Behinderte / Euthanasie – Kompletter Darstellungstext
Die Verfolgungsinstanzen – unter ihnen Kriminalpolizei, Justiz und Sozialbehörden – folgten im Laufe der NS-Zeit immer stärker der Auffassung, es handele sich bei den Randgruppen um erblich belastete „Minderwertige” und „Schädlinge am Volkskörper”, von denen die Gesellschaft „gesäubert” werden müsse.
Welche Auswirkungen solche „rassenhygienischen” Vorstellungen haben konnten, zeigte sich bereits mit dem „Gesetz zur Verhütung erbkranken Nachwuchses” vom Juli 1933. Mit seiner Hilfe sollten Krankheiten, die als schädlich für die „rassische Substanz des Volkes” galten, dauerhaft „ausgemerzt” und Erkrankte an der Fortpflanzung gehindert werden. Das Gesetz sah die massenweise Zwangssterilisation von Behinderten, psychisch Kranken, sozial Schwachen und Süchtigen vor und betraute mit dieser Aufgabe neben besonderen „Erbgesundheitsgerichten” vor allem die lokale Gesundheitsverwaltung und Ärzteschaft. Ein großer Teil der Mediziner in den Ämtern, Krankenhäusern, rheinischen Vollzugs- oder Heil- und Pflegeanstalten arbeitete aktiv an der „Aufartung des deutschen Volkes” mit – auch in evangelischen Häusern. So traf das „Erbkrankengesetz” allein im Rheinland mehrere zehntausend Menschen, von Psychiatriepatienten über Arbeitshausinsassen bis zu Fürsorgezöglingen und Hilfsschülern (Lernschwache).
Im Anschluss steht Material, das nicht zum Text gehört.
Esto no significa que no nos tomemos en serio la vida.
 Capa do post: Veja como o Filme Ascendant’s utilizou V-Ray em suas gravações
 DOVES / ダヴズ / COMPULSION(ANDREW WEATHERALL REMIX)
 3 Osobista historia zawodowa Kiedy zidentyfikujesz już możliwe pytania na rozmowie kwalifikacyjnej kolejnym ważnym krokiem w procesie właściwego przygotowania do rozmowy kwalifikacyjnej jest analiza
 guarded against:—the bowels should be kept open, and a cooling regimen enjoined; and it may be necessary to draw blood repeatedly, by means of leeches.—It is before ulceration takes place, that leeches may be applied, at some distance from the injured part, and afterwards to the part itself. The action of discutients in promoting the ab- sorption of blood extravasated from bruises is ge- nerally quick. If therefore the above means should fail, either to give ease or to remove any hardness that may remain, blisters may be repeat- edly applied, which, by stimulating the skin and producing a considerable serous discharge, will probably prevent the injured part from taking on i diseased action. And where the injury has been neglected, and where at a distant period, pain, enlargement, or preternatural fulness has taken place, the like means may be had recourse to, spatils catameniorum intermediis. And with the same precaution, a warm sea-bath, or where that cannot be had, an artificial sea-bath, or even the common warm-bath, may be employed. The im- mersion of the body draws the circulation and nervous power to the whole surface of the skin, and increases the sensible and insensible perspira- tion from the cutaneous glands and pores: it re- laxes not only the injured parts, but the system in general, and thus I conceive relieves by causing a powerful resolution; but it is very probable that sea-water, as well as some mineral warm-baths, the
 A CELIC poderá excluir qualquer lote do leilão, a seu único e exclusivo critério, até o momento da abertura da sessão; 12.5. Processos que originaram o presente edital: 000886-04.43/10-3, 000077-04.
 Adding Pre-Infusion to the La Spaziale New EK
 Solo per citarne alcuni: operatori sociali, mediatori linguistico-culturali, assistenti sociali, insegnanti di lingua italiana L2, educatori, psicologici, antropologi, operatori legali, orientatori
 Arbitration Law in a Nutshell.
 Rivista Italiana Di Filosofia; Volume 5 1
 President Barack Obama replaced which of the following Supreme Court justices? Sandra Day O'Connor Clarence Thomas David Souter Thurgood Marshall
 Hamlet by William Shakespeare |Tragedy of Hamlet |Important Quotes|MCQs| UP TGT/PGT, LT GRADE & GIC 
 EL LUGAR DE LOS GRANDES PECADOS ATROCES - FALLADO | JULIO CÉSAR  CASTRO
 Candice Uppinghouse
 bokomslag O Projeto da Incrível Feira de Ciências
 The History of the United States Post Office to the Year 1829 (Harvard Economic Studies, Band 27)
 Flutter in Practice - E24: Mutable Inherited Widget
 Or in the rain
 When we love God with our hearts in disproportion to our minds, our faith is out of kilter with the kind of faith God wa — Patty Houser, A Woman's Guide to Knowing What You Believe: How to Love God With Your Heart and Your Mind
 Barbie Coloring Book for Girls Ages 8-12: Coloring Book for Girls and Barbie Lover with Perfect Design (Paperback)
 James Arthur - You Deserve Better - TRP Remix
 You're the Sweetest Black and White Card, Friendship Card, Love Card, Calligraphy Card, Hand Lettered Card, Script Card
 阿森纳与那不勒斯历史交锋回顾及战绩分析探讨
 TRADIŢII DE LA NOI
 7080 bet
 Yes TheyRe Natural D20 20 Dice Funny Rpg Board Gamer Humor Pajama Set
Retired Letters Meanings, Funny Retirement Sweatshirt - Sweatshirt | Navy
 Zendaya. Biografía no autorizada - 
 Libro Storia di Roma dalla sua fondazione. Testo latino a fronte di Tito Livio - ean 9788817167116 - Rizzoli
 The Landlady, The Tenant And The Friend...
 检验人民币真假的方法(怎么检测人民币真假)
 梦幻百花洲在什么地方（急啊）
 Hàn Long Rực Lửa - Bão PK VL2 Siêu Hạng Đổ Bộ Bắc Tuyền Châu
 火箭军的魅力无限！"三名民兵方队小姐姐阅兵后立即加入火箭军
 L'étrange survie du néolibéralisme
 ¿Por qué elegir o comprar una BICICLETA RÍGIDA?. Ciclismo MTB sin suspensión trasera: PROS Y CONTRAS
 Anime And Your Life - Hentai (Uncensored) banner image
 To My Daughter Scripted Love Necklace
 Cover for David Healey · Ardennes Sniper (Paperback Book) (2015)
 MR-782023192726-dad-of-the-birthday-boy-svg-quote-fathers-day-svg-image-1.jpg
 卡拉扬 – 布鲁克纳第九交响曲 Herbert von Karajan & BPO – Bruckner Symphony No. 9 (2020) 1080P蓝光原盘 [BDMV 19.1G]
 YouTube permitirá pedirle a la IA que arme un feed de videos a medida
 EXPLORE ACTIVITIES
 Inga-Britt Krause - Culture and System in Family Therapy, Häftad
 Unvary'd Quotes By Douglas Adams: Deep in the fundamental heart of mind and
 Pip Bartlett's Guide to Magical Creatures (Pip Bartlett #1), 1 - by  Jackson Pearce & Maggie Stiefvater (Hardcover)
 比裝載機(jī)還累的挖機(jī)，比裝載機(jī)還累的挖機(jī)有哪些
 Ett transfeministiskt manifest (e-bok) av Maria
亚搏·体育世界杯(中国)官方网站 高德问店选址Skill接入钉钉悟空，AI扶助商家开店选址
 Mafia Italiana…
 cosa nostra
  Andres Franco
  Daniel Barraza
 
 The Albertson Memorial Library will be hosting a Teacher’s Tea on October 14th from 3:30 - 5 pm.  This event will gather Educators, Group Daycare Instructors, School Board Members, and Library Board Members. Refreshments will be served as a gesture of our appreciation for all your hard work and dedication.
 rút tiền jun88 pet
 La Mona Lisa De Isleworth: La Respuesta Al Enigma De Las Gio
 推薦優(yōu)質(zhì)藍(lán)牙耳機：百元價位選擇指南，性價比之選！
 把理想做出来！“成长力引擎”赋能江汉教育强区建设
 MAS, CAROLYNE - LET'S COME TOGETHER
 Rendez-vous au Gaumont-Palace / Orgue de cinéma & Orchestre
Eine gesonderte Opfergruppe der NS-Sterilisationspolitik stellten die „Rheinlandbastarde” dar, mehrere hundert Kinder deutscher Mütter und farbiger Soldaten aus der Zeit der alliierten Rheinlandbesetzung, die im Rahmen einer Geheimaktion erfasst wurden.
Die letzte Konsequenz der nationalsozialistischen Gesellschaftspolitik, die den Menschen nur nach Kosten und „volksgemeinschaftlichem” Nutzen, Erbwert, Anpassungs- und Leistungsfähigkeit beurteilte, stellte der Mord an den psychisch Kranken und Behinderten dar. Die im Sommer 1939 begonnene Aktion zur „Vernichtung unwerten Lebens” lief im Westen zwar mit Verzögerungen an, doch wurden auch im Rheinland Tausende von Kranken per Meldebogen erfasst, von Ärzten „ausgesondert” und über die Zwischenanstalten Andernach und Galkhausen (Langenfeld) in Tötungsanstalten überführt.
Der im August 1941 abgebrochenen, zentral gesteuerten Vernichtungsaktion folgten dezentral organisierte Transporte und Tötungen, an denen die regionale Medizinalverwaltung und die rheinischen Gauleiter hohen Anteil hatten. Ab 1942 wurden mehrere tausend Psychiatriepatienten aus rheinischen Anstalten „verlegt” und umgebracht, weil man ihre Betten für verletzte Soldaten und Kranke aus den bombengefährdeten Gebieten reklamierte. Die rheinische Provinzialverwaltung, zentraler Träger der regionalen Krankenversorgung und Betreiber zahlreicher Heil- und Pflegeanstalten, war maßgeblich an den Anstaltsräumungen beteiligt und leistete so wesentliche Vorarbeiten für die Patiententötungen.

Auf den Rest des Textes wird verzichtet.